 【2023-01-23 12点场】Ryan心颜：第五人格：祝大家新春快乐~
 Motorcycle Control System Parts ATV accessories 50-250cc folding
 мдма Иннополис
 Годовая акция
--
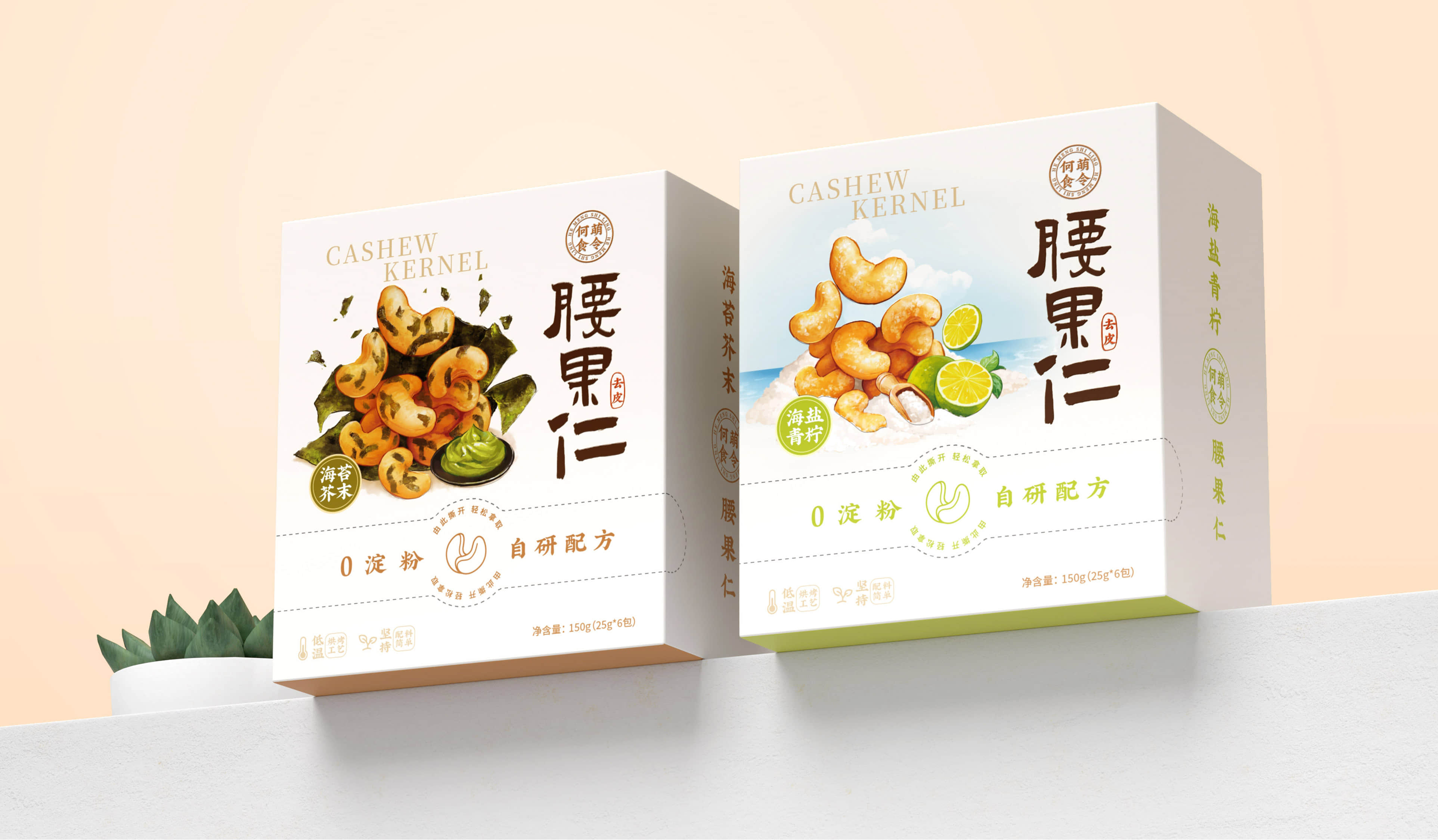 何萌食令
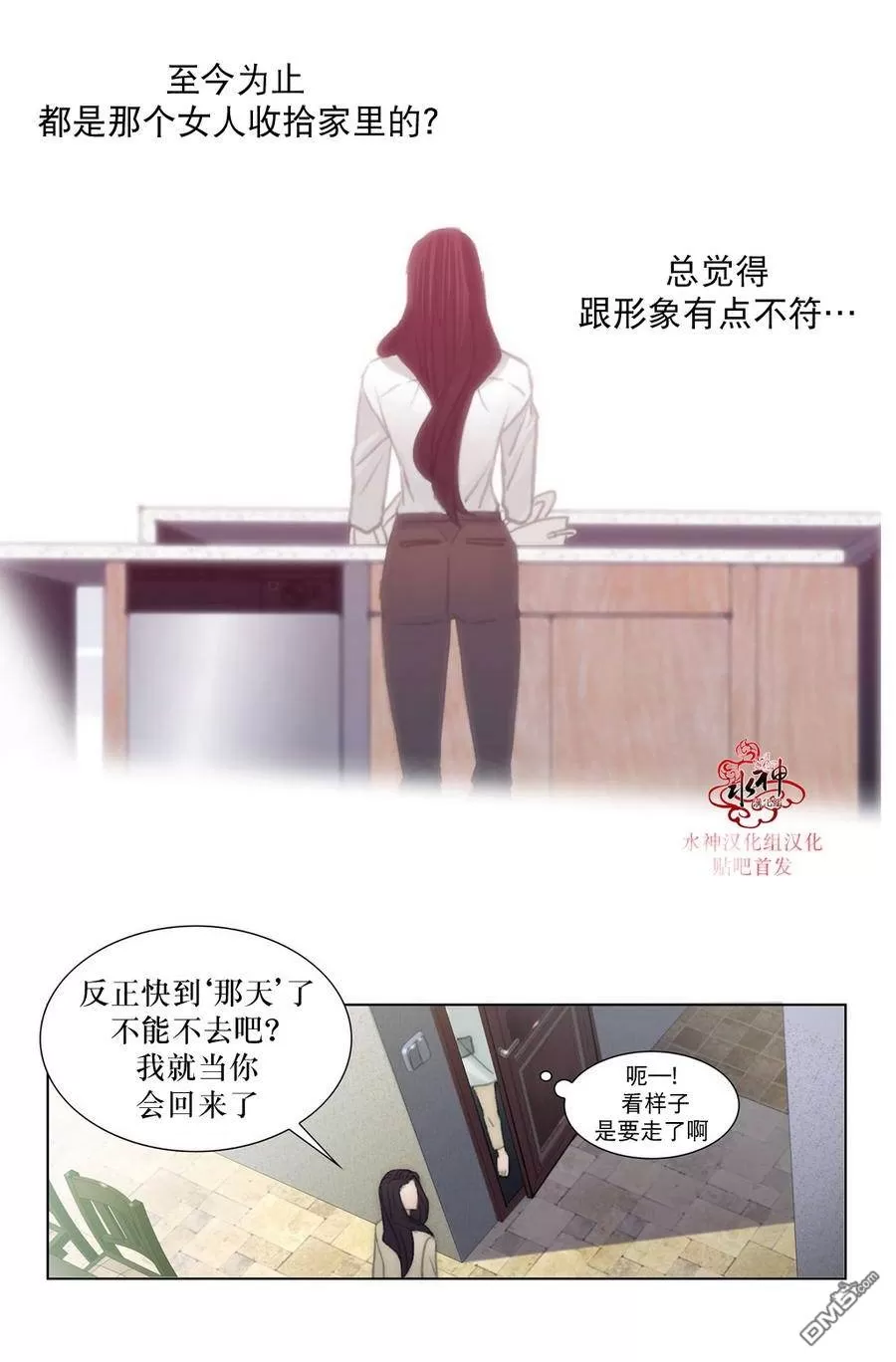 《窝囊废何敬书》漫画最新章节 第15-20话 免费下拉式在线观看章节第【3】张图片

* [GOAL OF THE EXERCISE]
Retype exactly, and only, the lines above from the one where "Motorcycle Control System" occurs up to and including the one where "Годовая акция" occurs.

* [OUTPUT OF THE TASK]
 Motorcycle Control System Parts ATV accessories 50-250cc folding
 мдма Иннополис
 Годовая акция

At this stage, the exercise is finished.